Railway transport also involves intermodal transport, used more and more frequently, primarily for the transport of the majority of containerised cargo. Being the largest container port in Poland and the second largest in the Baltic Sea, the Port of Gdansk is continuously reporting record numbers of containers at the port's quays. Summing up the 8 months of this year, the number of containers at the Port of Gdansk increased by 27% compared to last year and by 3% compared to the record year of 2014. Such growth dynamics translates directly into an increase in the number of containers in land trade, including an increase in railway transport.

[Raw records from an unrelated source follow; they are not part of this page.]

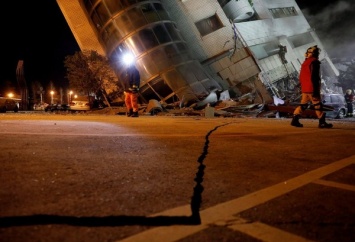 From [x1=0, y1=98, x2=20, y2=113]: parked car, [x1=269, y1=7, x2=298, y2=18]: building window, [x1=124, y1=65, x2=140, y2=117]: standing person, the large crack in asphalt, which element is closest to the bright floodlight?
[x1=0, y1=98, x2=20, y2=113]: parked car

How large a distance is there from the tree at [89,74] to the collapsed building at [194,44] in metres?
1.08

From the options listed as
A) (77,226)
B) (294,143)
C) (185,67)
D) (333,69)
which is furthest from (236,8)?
(77,226)

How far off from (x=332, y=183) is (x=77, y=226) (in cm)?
172

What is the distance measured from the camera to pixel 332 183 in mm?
2049

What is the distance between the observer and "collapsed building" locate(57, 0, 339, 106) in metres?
18.1

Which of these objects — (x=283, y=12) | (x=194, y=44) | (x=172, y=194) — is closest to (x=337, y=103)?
(x=194, y=44)

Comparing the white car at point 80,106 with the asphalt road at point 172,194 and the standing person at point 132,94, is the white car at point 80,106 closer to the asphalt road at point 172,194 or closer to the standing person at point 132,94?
the standing person at point 132,94

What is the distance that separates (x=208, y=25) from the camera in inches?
819

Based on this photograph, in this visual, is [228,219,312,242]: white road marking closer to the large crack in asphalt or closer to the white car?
the large crack in asphalt

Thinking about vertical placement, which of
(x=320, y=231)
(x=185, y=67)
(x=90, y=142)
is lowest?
(x=320, y=231)

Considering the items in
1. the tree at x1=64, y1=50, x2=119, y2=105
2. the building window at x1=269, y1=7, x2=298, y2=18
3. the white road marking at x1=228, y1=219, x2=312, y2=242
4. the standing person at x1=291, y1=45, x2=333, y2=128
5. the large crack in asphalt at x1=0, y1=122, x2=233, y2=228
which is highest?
the building window at x1=269, y1=7, x2=298, y2=18

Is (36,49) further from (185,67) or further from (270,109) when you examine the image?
(270,109)

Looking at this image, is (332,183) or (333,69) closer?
(332,183)

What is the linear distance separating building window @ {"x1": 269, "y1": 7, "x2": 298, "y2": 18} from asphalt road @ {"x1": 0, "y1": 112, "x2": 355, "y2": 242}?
2586 centimetres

In the light of such realities at the port, the new railway access infrastructure that has come into service, along with the recently completed road investments, including the road tunnel below the Martwa Wisla which went into service last April, constitutesa very important element complementing the port's offer, and reinforces its competitive position on the market.
After eight months of this year, Gdansk moved up the ranking of the largest Baltic ports to sixth. This is a result never before achieved by any of the Polish ports. It should not come asa surprise then that the port's efficient access infrastructure was one of the most eagerly awaited investments of late, as in the coming years, the Port of Gdansk will aspire to further strengthen its position in the Baltic Sea and within the entire area of East-Central Europe. Without its new access infrastructure, such plans would definitely not be possible.